Le quatrième personnage de l'Etat a aussitôt annoncé, dans un communiqué transmis à l'AFP, être "déterminé à poursuivre (sa) mission" à la tête de l'Assemblée.
Ce coup dur pour la majorité intervient alors que, hasard du calendrier, deux autres poids lourds, François Bayrou et Marielle de Sarnez, ont été entendus le même jour par la police judiciaire dans le cadre de l'affaire des emplois présumés fictifs des assistants d'europarlementaires MoDem.
A l'issue d'un "interrogatoire de première comparution" de près de 15 heures au tribunal de grande instance de Lille, où l'affaire a été dépaysée il y a un an, "les trois juges d'instruction saisis du dossier ont décidé de mettre en examen Richard Ferrand pour prise illégale d'intérêts", a indiqué dans la nuit à l'AFP le parquet de Lille.
M. Ferrand a dans la foulée pris "acte de cette mesure procédurale qui va lui permettre de pouvoir se défendre dans ce dossier" et a assuré "rester serein sur l'issue de la procédure, au regard du classement sans suite de l'ensemble des griefs de la première plainte" en octobre 2017, "d'autant plus qu'aucun élément nouveau n'a été versé à ce dossier dans lequel il n'y a ni préjudice ni victime".
Attendue depuis des mois, l'audition libre du président de l'Assemblée nationale - que l'immunité parlementaire n'empêche pas - a débuté en milieu de matinée pour s'achever vers 00H30.
L'affaire des Mutuelles de Bretagne avait conduit ce fidèle de la première heure d'Emmanuel Macron à quitter le gouvernement en juin 2017. A peine nommé ministre de la Cohésion des territoires, il avait été épinglé par Le Canard enchaîné qui avait révélé qu'en 2011 les Mutuelles de Bretagne, qu'il dirigeait alors, avaient décidé de louer des locaux commerciaux appartenant à sa compagne.

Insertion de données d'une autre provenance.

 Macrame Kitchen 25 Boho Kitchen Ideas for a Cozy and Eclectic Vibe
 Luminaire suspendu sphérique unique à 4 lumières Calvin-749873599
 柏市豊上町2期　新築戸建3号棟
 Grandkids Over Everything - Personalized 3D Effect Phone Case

M. Ferrand conteste toute irrégularité.
Le procureur de Brest avait ouvert une enquête préliminaire en juin 2017, classée sans suite en octobre. Il avait invoqué la prescription s'agissant d'un éventuel délit de prise illégale d'intérêts et jugé que les infractions d'abus de confiance et d'escroquerie n'étaient "pas constituées".

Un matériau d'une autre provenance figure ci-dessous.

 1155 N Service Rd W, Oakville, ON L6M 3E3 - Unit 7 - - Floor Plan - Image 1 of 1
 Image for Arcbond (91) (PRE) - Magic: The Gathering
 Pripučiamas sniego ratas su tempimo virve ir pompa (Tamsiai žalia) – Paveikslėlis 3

L'association anti-corruption Anticor avait alors déposé une seconde plainte avec constitution de partie civile.
Après avoir présidé le groupe des députés LREM, Richard Ferrand a pris la succession de François de Rugy à la présidence de l'Assemblée en septembre 2018.
Dès son élection au perchoir, il avait déjà averti à demi-mot qu'il ne démissionnerait pas en cas de mise en examen.
"Toujours présumé innocent"
"Le Parlement a son indépendance. Par conséquent, les parlementaires n'ont pas à être dans la main de l'autorité judiciaire", avait-il déclaré en soulignant qu'un "certain nombre de parlementaires mis en examen" continuaient à "exercer leur mandat".
Interrogée mercredi midi à l'issue du Conseil des ministres sur l'audition alors en cours, la porte-parole du gouvernement Sibeth Ndiaye a refusé tout "commentaire avant d'avoir connaissance de l'objet de cette convocation".
"Ce rendez-vous aurait dû avoir lieu il y a un an mais M. Ferrand avait réussi à gagner un peu de temps en faisant dépayser son dossier à Lille. On souhaite désormais qu'il s'explique sur les faits qui lui sont reprochés et qui ne sont pas prescrits", a déclaré pour sa part à l'AFP le président d'Anticor, Jean-Christophe Picard.
Dès l'annonce de l'audition de M. Ferrand, plusieurs députés de la majorité lui ont apporté leur soutien et tenté par avance de minimiser la portée d'une éventuelle mise en examen.
Ainsi, Bruno Bonnell (LREM) a déclaré "ne pas douter de son honnêteté" et, selon lui, "la vérité sortira sereinement". "Évidemment, il peut rester à son poste", a-t-il assuré.
Une mise en examen n'aurait "aucune incidence", avait renchéri auprès de l'AFP Alain Tourret (LREM), avocat de profession.
La mise en examen d'un président de l'Assemblée nationale pendant son passage au perchoir est inédite. Laurent Fabius était déjà mis en examen dans l'affaire du sang contaminé au moment où il est redevenu président de l'Assemblée en 1997.
Richard Ferrand "est présumé innocent" et "quand bien même il serait" mis en examen, "il serait toujours présumé innocent", a réagi pour sa part Sébastien Chenu, porte-parole du Rassemblement national sur BFMTV.